*What the exercise asks:*
Omit every picture, then return the listing verbatim.

*Data extract:*

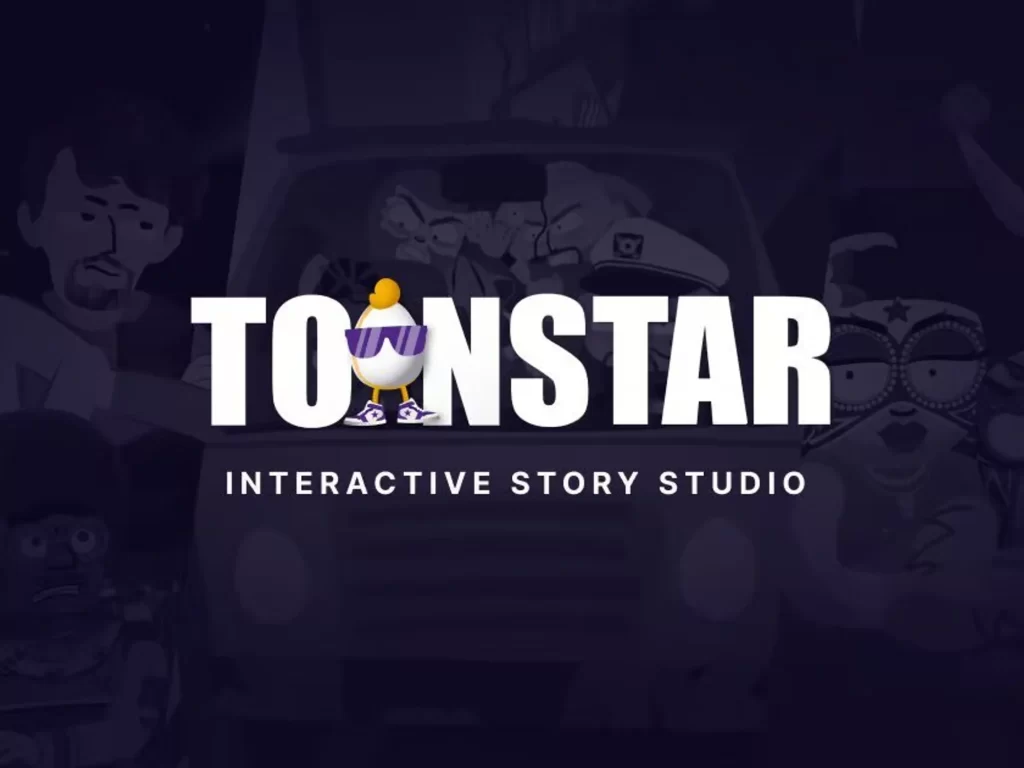 استودیو Toonstar از هوش مصنوعی استفاده می‌کند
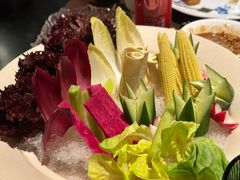 -奉天小馆·非遗东北菜(沈阳万象城店)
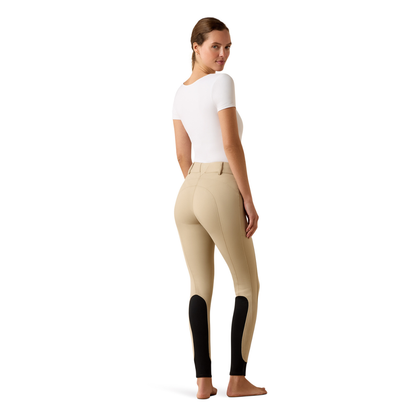 Ariat Women's Protege Knee Patch Breeches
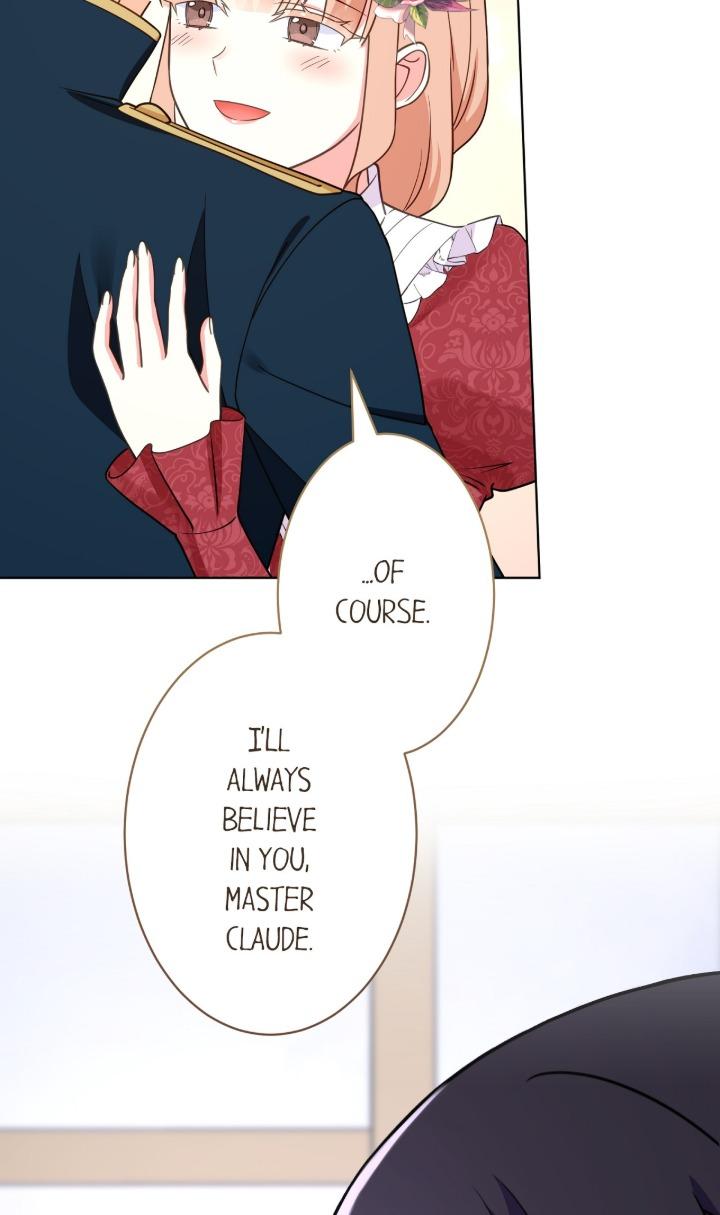 Reincarnated as the Antagonist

*Reply to the exercise:*
 استودیو Toonstar از هوش مصنوعی استفاده می‌کند
 -奉天小馆·非遗东北菜(沈阳万象城店)
 Ariat Women's Protege Knee Patch Breeches
 Reincarnated as the Antagonist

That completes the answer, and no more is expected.